Briefing reporters here over the weekend, Dr Harold Elletson, who has just arrived in the country to make arrangements for the conference, said the event was expected to gather over 1,000 delegates from all over Africa.
"This will be the 6th international conference on ICT for development, education and training and is to take place in Dar es Salaam between May 25 and 27 this year,” Dr Elltson said.
The director of e-learning Africa, Dr Elletson is a former British Conservative Party member of Parliament for Blackpool North.
He explained that e-learning Africa was a key networking hub and target destination of Africa’s educational decision-makers, opinion leaders, experts and practitioners from public and private education, the corporate training sector, governments and public administration.
"Africa's only hope in education lies in making maximum use of digital technology, especially the internet because it is cheaper to access online information than to buy physical books for every subject," said the director.
"The Dar es Salaam event is also to be attended by education, ICT and finance ministers from over 10 African nations, as well as high level decisionmakers from governmental and inter-governmental organisations," Dr Elletson said.
"The Mount Meru event aims at raising funds to enable participants, who cannot pay for their own transport and other logistics to be able to attend,” the director added.
"Because everybody nowadays seems to target Kilimanjaro, we want to be different.

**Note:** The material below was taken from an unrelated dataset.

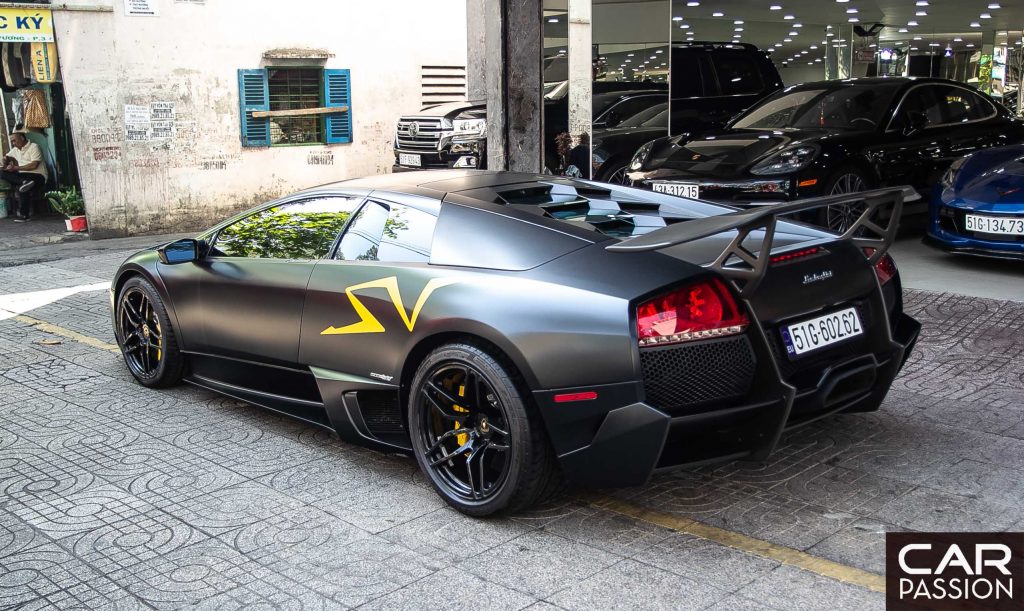 lamborghini độc nhất (9).jpg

Besides, Meru is more challenging to climb than Mt Kilimanjaro," said Dr Elletson.
The director has just climbed the active volcano peak, Mt Oldoinyo Engai (Tanzania's third highest peak) in Ngorongoro District.
Asked whether there have been any achievements recorded from the events that enter their sixth year of operation, Dr Elletson said there had been 114 per cent growth in attendance in 5 years with 1,778 participants recorded at the 5th edition of the conference held last year in Lusaka, Zambia.

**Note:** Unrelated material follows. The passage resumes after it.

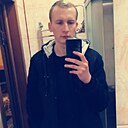 Влад, 26 лет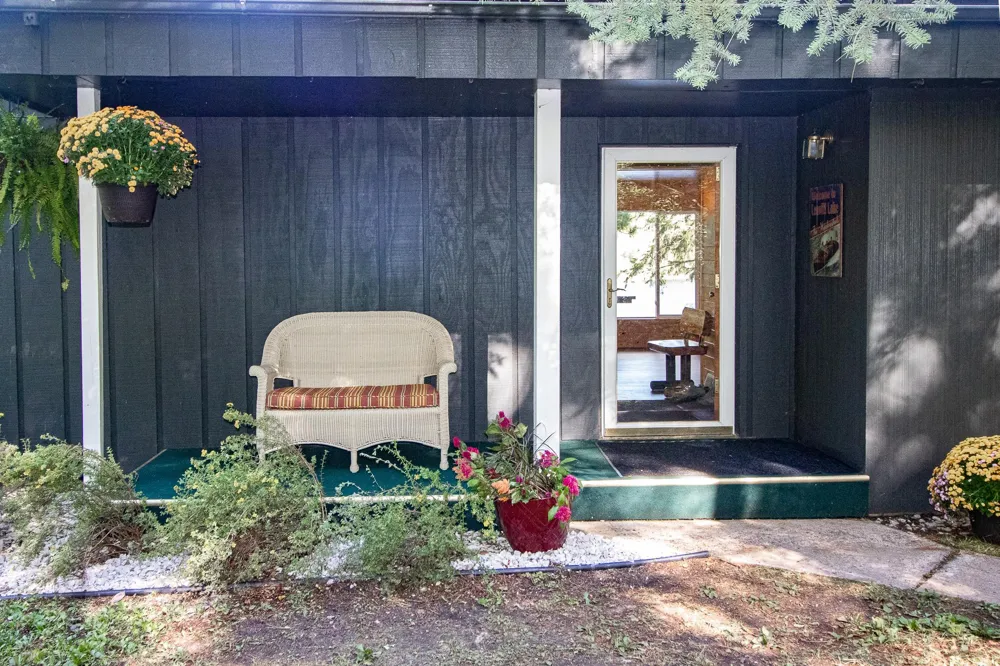 7120 Quentin Road NE Outing, MN 56662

"The event is a true African event with more than 85 per cent of the participants from Africa and there are 78 countries represented," said Dr Elletson.

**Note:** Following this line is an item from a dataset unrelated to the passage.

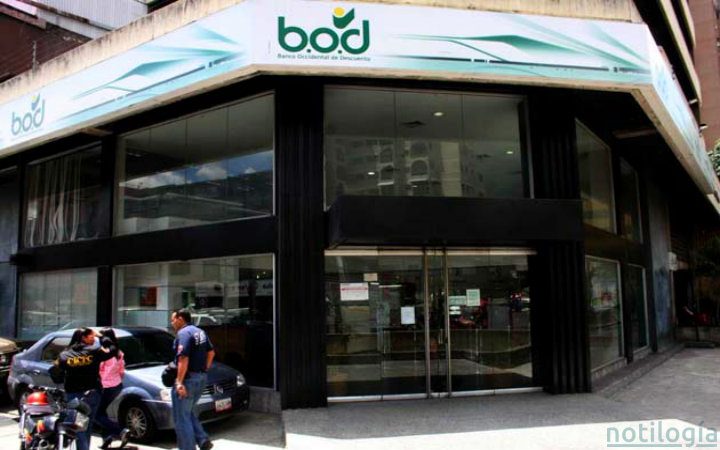 Banco_BOD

He said it would be a high level conference programme featuring the work of nearly 350 speakers and chairpersons from 50 countries.
Over 40 per cent of Africa’s population is younger than 24 years. A total of 198 million Africans, 20 per cent of the continent’s population, are aged between 15 and 24 – the largest percentage of young people anywhere in the world.
Children (under the age of 15) account for another 20 per cent and e-learning Africa 2011 will focus on this group and its huge potential and highlight the importance of social skills and employability.